[What to work on]: Once you find the line with "Capybara - Men's" in the entries below, return exactly every line from it through the line with "Schiller's House, Weimar, Thuringia, Germany".

[Record extracts]:
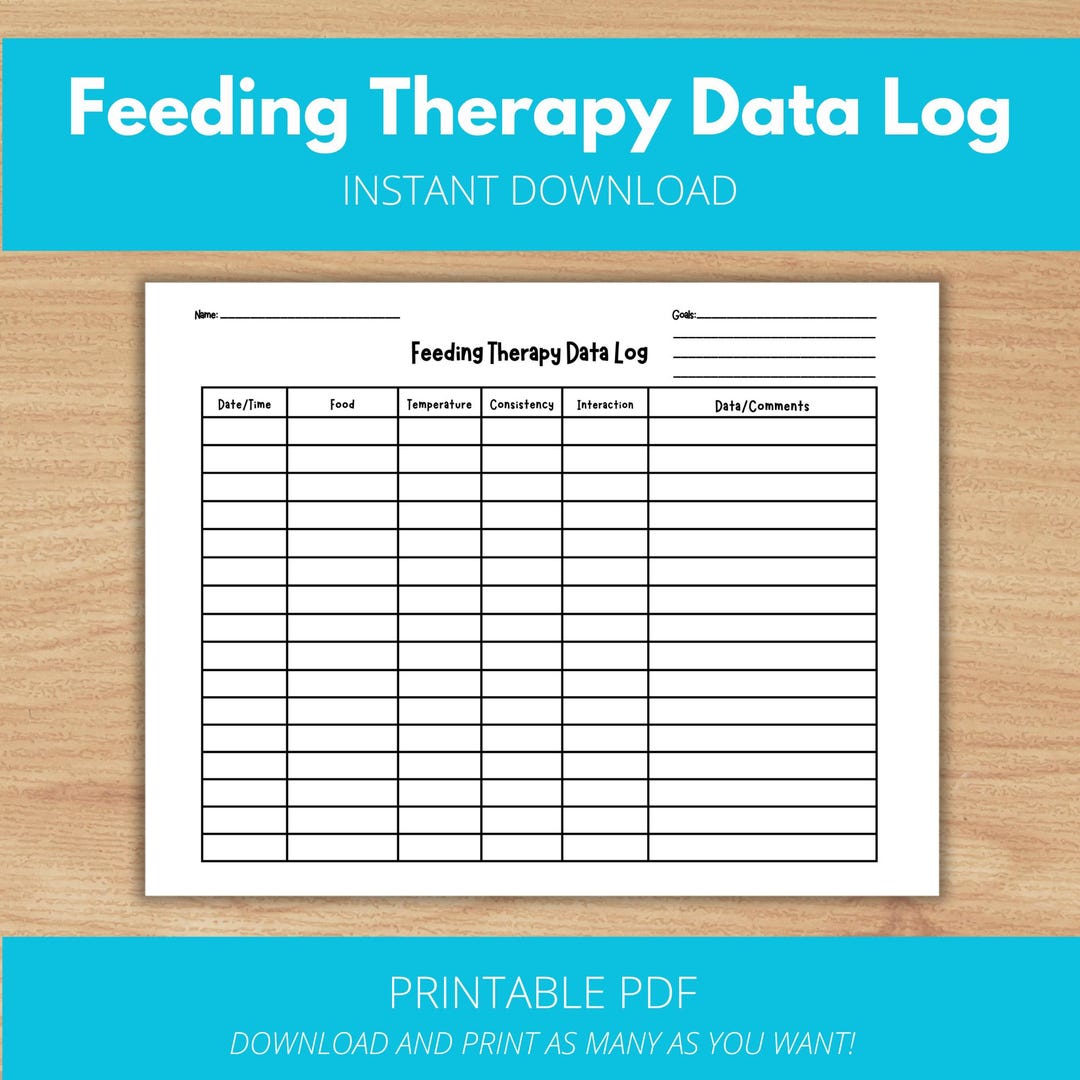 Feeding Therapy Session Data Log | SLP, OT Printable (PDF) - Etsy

--

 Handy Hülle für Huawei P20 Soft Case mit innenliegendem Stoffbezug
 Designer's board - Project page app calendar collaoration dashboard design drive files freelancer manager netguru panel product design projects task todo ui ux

==

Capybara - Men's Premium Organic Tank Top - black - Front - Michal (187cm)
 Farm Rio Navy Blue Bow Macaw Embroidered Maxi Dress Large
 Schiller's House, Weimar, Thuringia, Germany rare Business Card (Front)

[Reply]:
Capybara - Men's Premium Organic Tank Top - black - Front - Michal (187cm)
 Farm Rio Navy Blue Bow Macaw Embroidered Maxi Dress Large
 Schiller's House, Weimar, Thuringia, Germany rare Business Card (Front)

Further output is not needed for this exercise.